ステージIII胃がん日本人患者に対する術後化学療法としてのCAPOX療法、SOX療法の有効性は同等であるASCO-GI2018より


  • [公開日]2018.01.24
  • [最終更新日]2019.11.18

2018年1月18日より20日までアメリカ合衆国・カルフォルニア州・サンフランシスコで開催されている消化器癌シンポジウム(ASCO-GI2018)のポスターセッションにて、D2リンパ節郭清後のステージIII胃がん患者に対する術後化学療法としてのカペシタビン(商品名ゼローダ;以下ゼローダ)+オキサリプラチン併用療法(CAPOX;以下CAPOX)、またはテガフール・ギメラシル・オテラシルカリウム配合(商品名ティーエスワン;以下ティーエスワン)+オキサリプラチン併用療法(SOX;以下SOX)の2つの治療レジメン有効性を検証した第II相のJ-CLASSIC試験、SOXaGC試験(UMIN000026883)の統合解析の結果が国立がん研究センター東病院消化管内科・中村能章氏らにより公表された。

J-CLASSIC試験とは、D2リンパ節郭清後のステージIIまたはIII胃がん患者に対する術後化学療法として3週間を1サイクルとして1-14日間ゼローダ2000mg/m2+1日目にオキサリプラチン130mg/m2併用療法を8サイクル投与する群、または術後補助化学療法を投与しない群に無作為に振り分け、主要評価項目である無増悪生存期間PFS)を比較検証した非盲検多施設共同の第II相試験である。

SOXaGC試験とは、D2リンパ節郭清後のステージIII胃がん患者に対する術後化学療法として3週間を1サイクルとして1-14日間ティーエスワン80mg+1日目にオキサリプラチン130mg/m2併用療法を8サイクル(オキサリプラチンは1サイクル目は投与しない)投与し、無増悪生存期間(PFS)を検証した第II相試験である。

今回の統合解析では上記2試験フォローアップ期間中央値J-CLASSIC試験では49ヶ月、SOXaGC試験では39ヶ月時点における無再発生存率(RFS)、全生存率(OS)を検証している。

本試験の結果、ステージIII胃がん患者に対する術後化学療法としてのCAPOX療法(N=59人)の患者における3年無再発生存率(RFS)、3年全生存率(OS)はそれぞれ67.8%(95%信頼区間:54.3-78.1%)、79.3%(95%信頼区間:66.5-87.7%)を示した。

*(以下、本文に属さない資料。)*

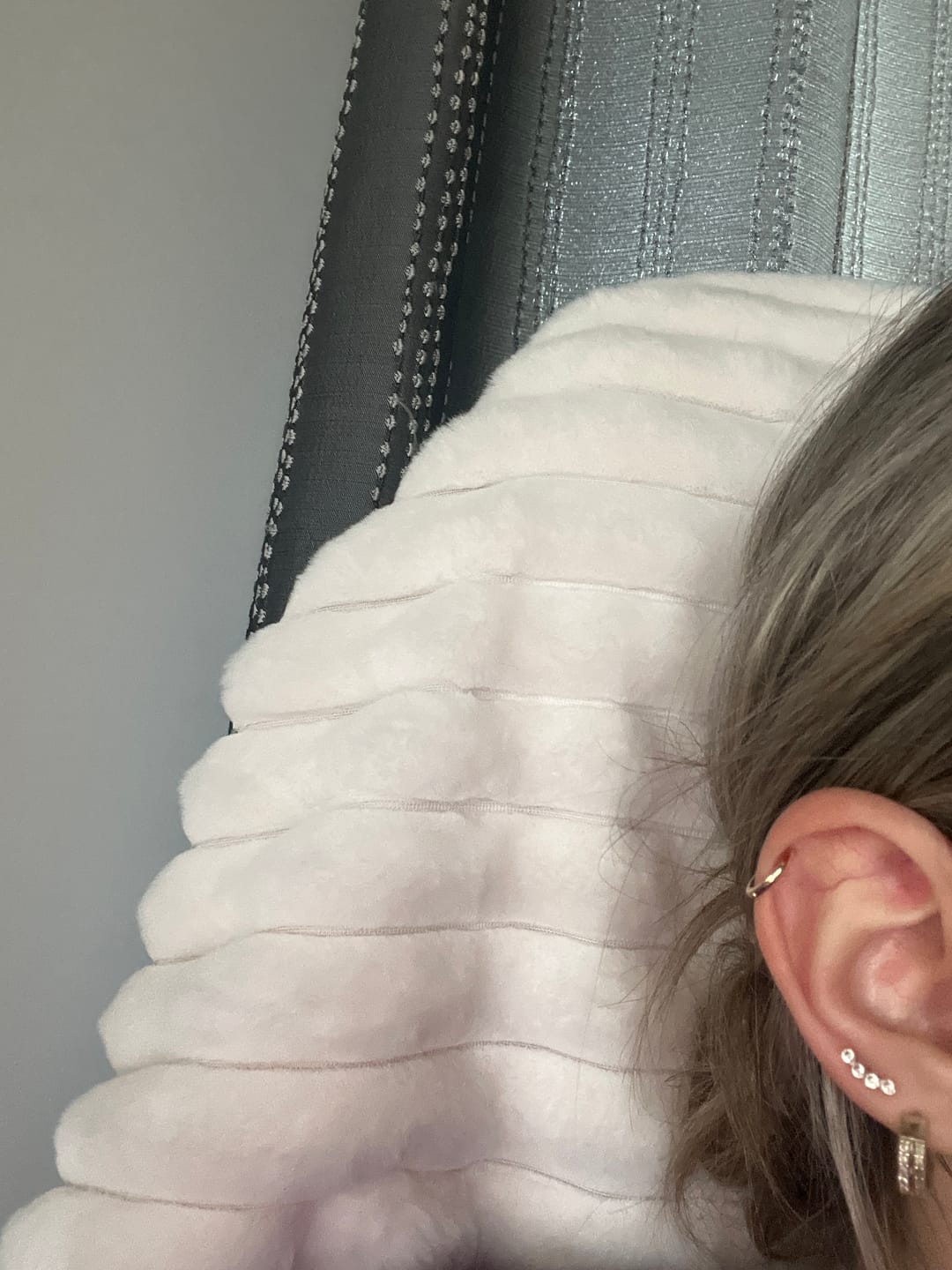 Customer photo review of Mini Everyday Hoops - 14 Karat Gold
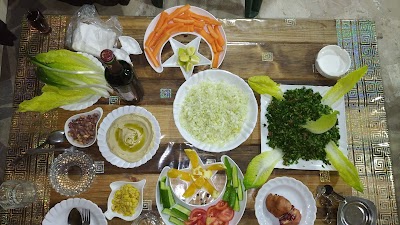مطعم وكافيتريا الريحان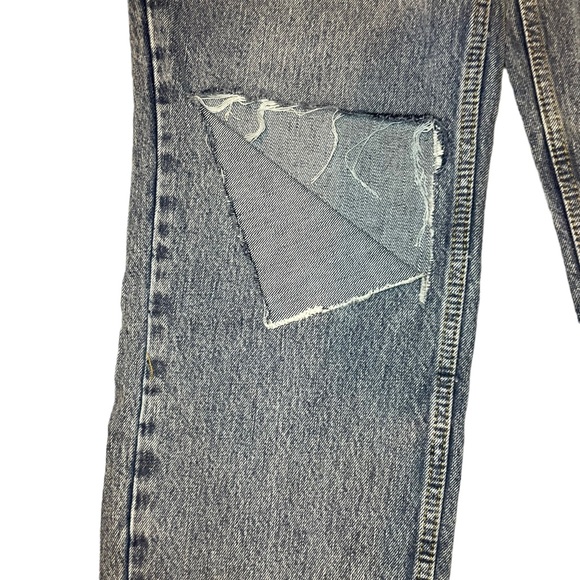 Good American 90s Duster Straight Leg Jeans - Picture 4 of 9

また、ステージIII胃がん患者に対する術後化学療法としてのSOX療法(N=62人)の患者における3年無再発生存率(RFS)、3年全生存率(OS)はそれぞれ70.9%(95%信頼区間:57.8-80.5%)、75.7%(95%信頼区間:63.0-84.6%)を示した。

そして、CAPOX療法に対するSOX療法の無再発生存(RFS)リスクのハザード比は0.925(0.498-1.720)を示し、2つの化学療法の有効性は同等であることを示した。

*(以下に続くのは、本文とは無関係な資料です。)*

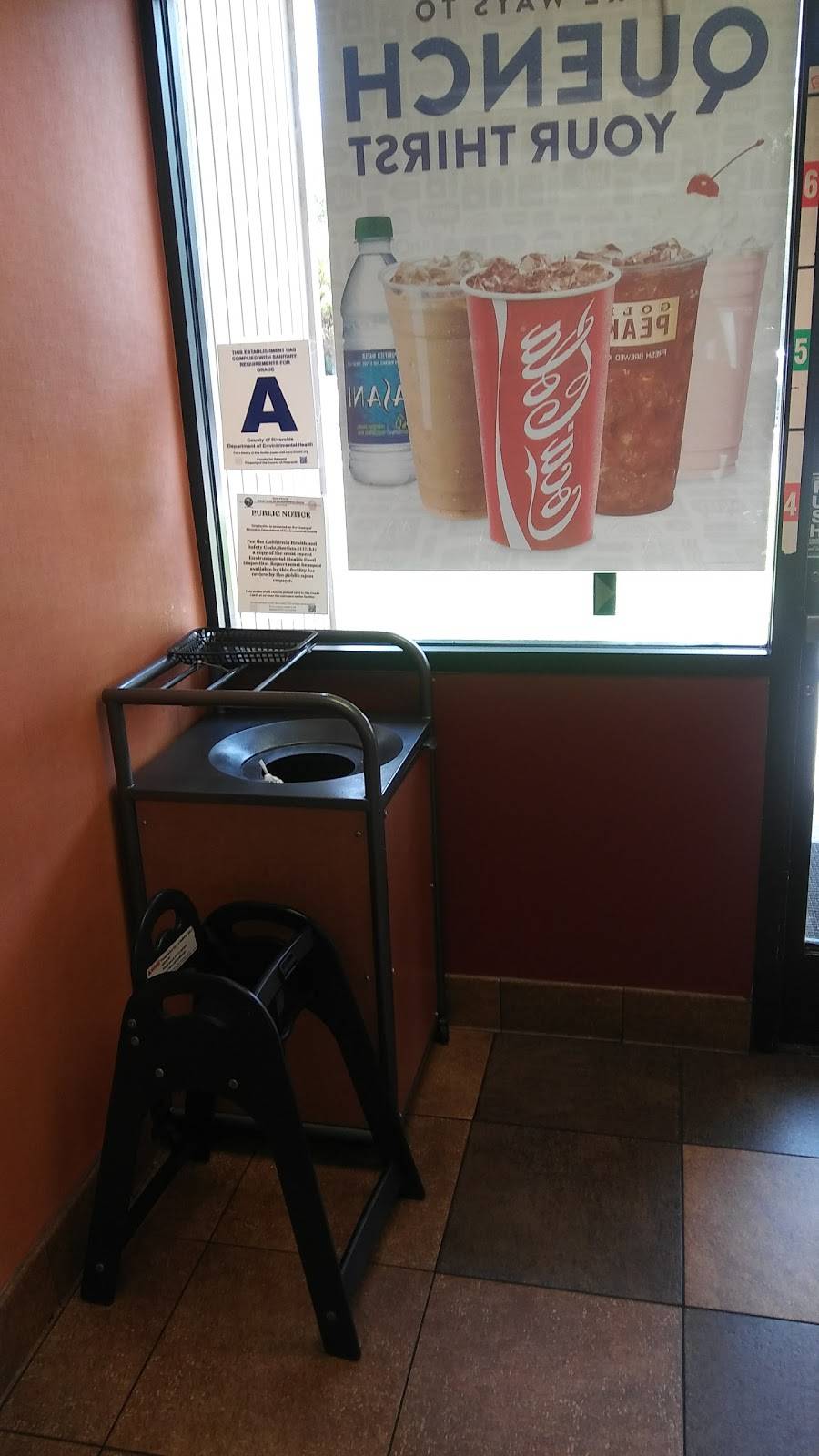 Jack in the Box | restaurant | 3981 Tyler St, Riverside, CA 92503, USA | 9516898470 OR +1 951-689-8470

一方で、サブグループ解析では患者背景によりCAPOX療法とSOX療法の間で有効性に差異が確認されている。例えば、腸型(intestinal type)、びまん型(diffuse type)のように組織型が異なることで無再発生存(RFS)リスクのハザード比は異なる傾向を示した。腸型(intestinal type)におけるCAPOX療法に対するSOX療法の無再発生存(RFS)リスクのハザード比は1.73(95%信頼区間:0.51-5.93)、びまん型(diffuse type)では0.74(95%信頼区間:0.35-1.53)を示した。

他にも、ステージIIIA、IIIB、IIICのようにステージ分類が異なることで無再発生存(RFS)リスクのハザード比は異なる傾向を示した。ステージIIIAにおけるCAPOX療法に対するSOX療法の無再発生存(RFS)リスクのハザード比は2.008 (95%信頼区間:0.447-9.016)、ステージIIIBでは0.872(95%信頼区間:0.266-2.857)、ステージIIICでは0.597(95%信頼区間:0.258-1.383)を示した。

以上の第II相のJ-CLASSIC試験、SOXaGC試験の統合解析の結果より、中村能章氏らは以下のように結論を述べている”本試験は日本人胃がん患者に対するオキサリプラチンベースの術後化学療法の生存率を検証した初の試験である。ステージIII胃がん患者さんに対するCAPOX療法、SOX療法の有効性は同等であることを示したが、組織型が異なったりステージ分類が異なることで無再発生存(RFS)リスクのハザード比が異なることが示された。そのため、大規模試験によりさらなる検証が必要でしょう。”